I'm actually in the process of writing five books, which is a shame, because the only consistent writing I seem to manage is the Scalzi stories, and with even those, I'm not completely consistent.
Three of the books i'm writing are technical books. They're completely in text format right now, which fails for a lot of reasons, and succeeds for others. I decided about a month ago to switch them to Markdown so that I can format them nicely, add headings with styling instead of just two underscores:
__Chapter 2: Getting Started
Okay, so, Markdown. I have pretty much avoided using most formatting, even for this site, so, great, time to learn Markdown (it's really not that difficult to learn, and, well, really, after about 2 minutes, I learned enough to get going). Oh, but wait, editing the Markdown and seeing how it looks, okay, I should automate that, right? Given that one of the technical books is on automating the crap out of front-end development, makes sense. Let's see, I can install grunt and set up a watch on my text files; or I could run the conversion by hand each time I saved the change; or I could add the Markdown module to a drupal site and hit save each time, which would display it; or I could, well, shit, pick some other process.

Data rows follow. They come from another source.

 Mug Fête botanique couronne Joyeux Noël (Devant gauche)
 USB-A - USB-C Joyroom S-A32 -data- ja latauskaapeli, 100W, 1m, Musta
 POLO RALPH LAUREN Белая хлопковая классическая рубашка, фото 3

Somewhere on Twitter in the last week (okay, three days ago, from Mark Otto), I heard about MacDown, an OSX-based Markdown editor, open source no less. Awesome, I'll give it a try.

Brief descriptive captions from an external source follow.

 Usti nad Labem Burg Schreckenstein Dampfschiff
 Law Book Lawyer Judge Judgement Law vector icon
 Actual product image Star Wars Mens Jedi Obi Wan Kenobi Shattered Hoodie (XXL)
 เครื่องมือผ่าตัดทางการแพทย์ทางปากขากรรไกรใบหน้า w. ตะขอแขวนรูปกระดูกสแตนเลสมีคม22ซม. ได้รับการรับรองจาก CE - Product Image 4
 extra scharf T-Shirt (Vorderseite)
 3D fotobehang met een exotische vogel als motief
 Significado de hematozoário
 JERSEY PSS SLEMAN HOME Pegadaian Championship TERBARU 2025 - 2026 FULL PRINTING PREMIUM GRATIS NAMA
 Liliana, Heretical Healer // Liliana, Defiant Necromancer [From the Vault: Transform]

So, I download it, and open it. Rejected, since the box I'm on is 10.7 and the app requires 10.8.
So, I download it on the next box, and open it. Rejected, since the box I'm on won't run unsigned software.

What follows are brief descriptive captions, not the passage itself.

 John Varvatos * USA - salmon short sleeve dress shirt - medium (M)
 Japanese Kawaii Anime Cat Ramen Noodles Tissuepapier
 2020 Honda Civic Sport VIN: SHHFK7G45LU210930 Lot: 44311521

So, I download the source, open up Cocoapods, update the box, and....
Realize that I'm doing all this stuff to avoid working on the book. Given how much I enjoy writing, how much I enjoy being in the flow of the words, how much I love the end product, I have no idea why I am avoiding working on the book. Okay, books.
Maybe it's the fear of producing something crappy, that I'll write and no one will read it. Would that really matter, though? I mean, I write because the words need to get out, not because I expect someone to read them. Public speaking is different: I present because I believe I have something to share. My writing is different.
Or maybe it's not and I'm lying to myself when I think it is.
Yeah, so, enough of the delay and procrastinating. It's early enough in the day yet, I can get a couple hours of writing in.